The University of Texas professors found that more than 1.8 million questionable fintech-provided loans were provided overall, representing $76 billion in capital or nearly 10 percent of the total $780 billion program. According to the report, 13 out of 20 fintech lenders had above-average rates of suspicious loans, and the 10 lenders with the most suspicious loans — nine fintechs — had at least 28.7 percent of their loans implicated compared to the overall average of 17.3 percent. Fintech loans were 2.7 times as likely as traditional banks to have at least one primary indicator of misreporting.

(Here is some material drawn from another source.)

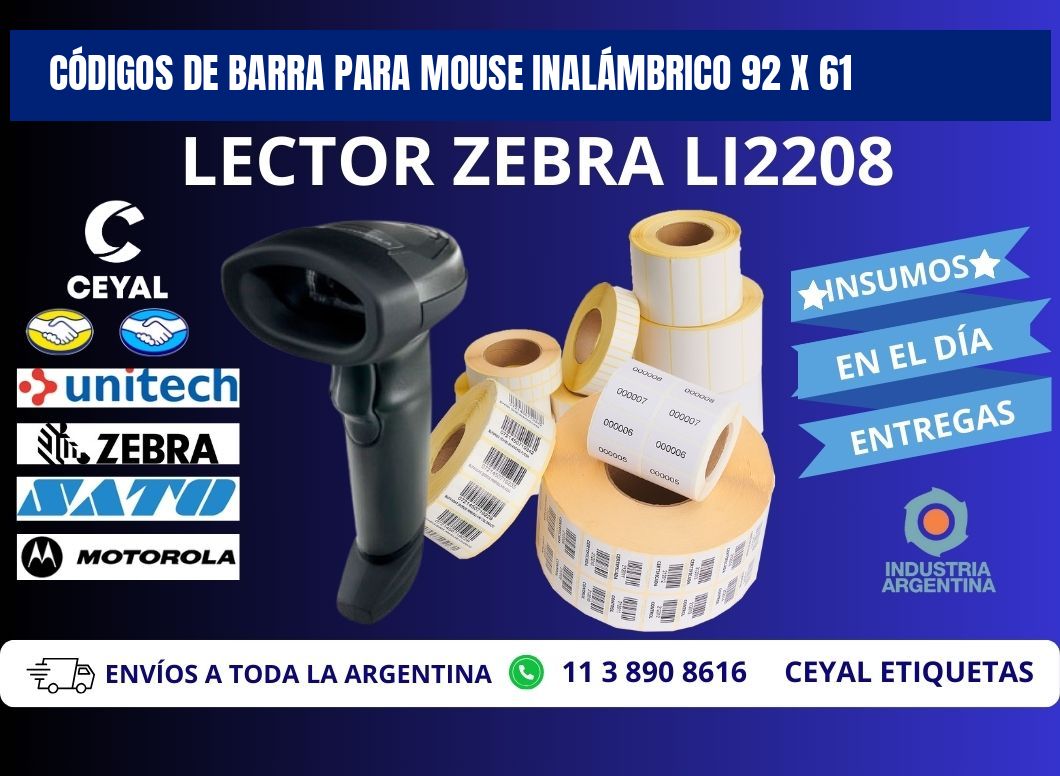 CÓDIGOS DE BARRA PARA MOUSE INALÁMBRICO 92 x 61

According to the New York Fed, fintechs have become important lenders to small businesses, especially in places where banks have pulled out. Compared to banks, fintech lenders might be more efficient in processing applications and more likely to lend to underserved businesses that are unable to borrow from banks. Just one in three small employers that applied to a fintech lender had worked with that lender before. Those borrowers had fewer employees, lower credit scores, greater difficulty in accessing PPP credit and were more likely to be Black-owned and have reduced their workforce: Approximately one-in-four Black-owned firms applied to fintech lenders, more than twice the rate of white-, Asian- and Hispanic-owned firms.
“These findings highlight the large costs of low oversight and lack of sufficient negative ramifications to borrowers and lenders for poor lending practices in the PPP,” the University of Texas report stated.

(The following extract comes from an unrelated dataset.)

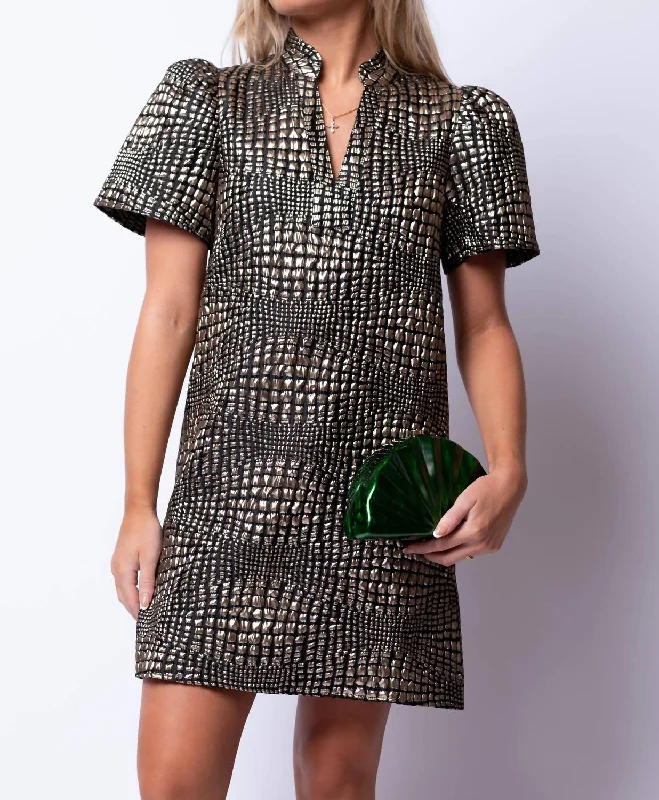 Metallic Touch Mini Dress In Black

However, there has been pushback to the report: As reported in USA Today, Capital Plus Chief Operating Officer Greg Jacobson called the study “grossly inaccurate, and filled with bad assumptions and bad data.”
“We think the report’s loan count was inflated by more than 20 percent, and that includes a large portion of loans we eventually caught with our additional due diligence,” Jacobson said. “We weren’t supposed to go around checking business registrations. The only reason you’d do that is if you believe you’ve been provided something that’s inaccurate.”

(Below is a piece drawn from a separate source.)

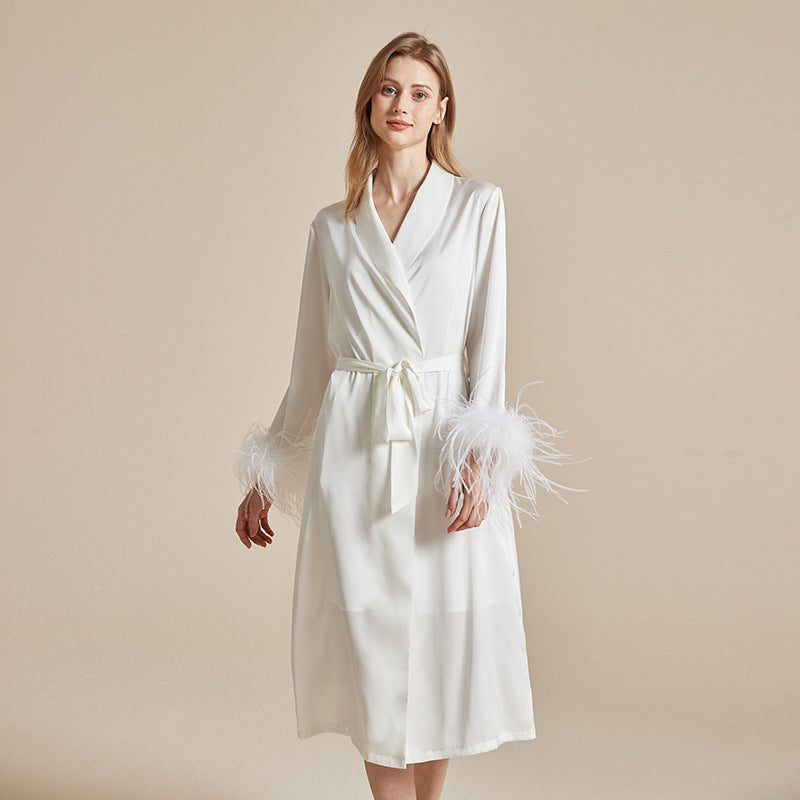 Feather Grace White Feathered Satin Robe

However, Consumer Bankers Association President and CEO Richard Hunt said the study “reinforced the immediate need for policymakers to ensure all market participants, including fintechs, are held to the same broad oversight requirements as traditional banks. As CBA and many others have repeatedly warned, failure to act threatens the safety and soundness of the financial system and the high level of protection consumers deserve.”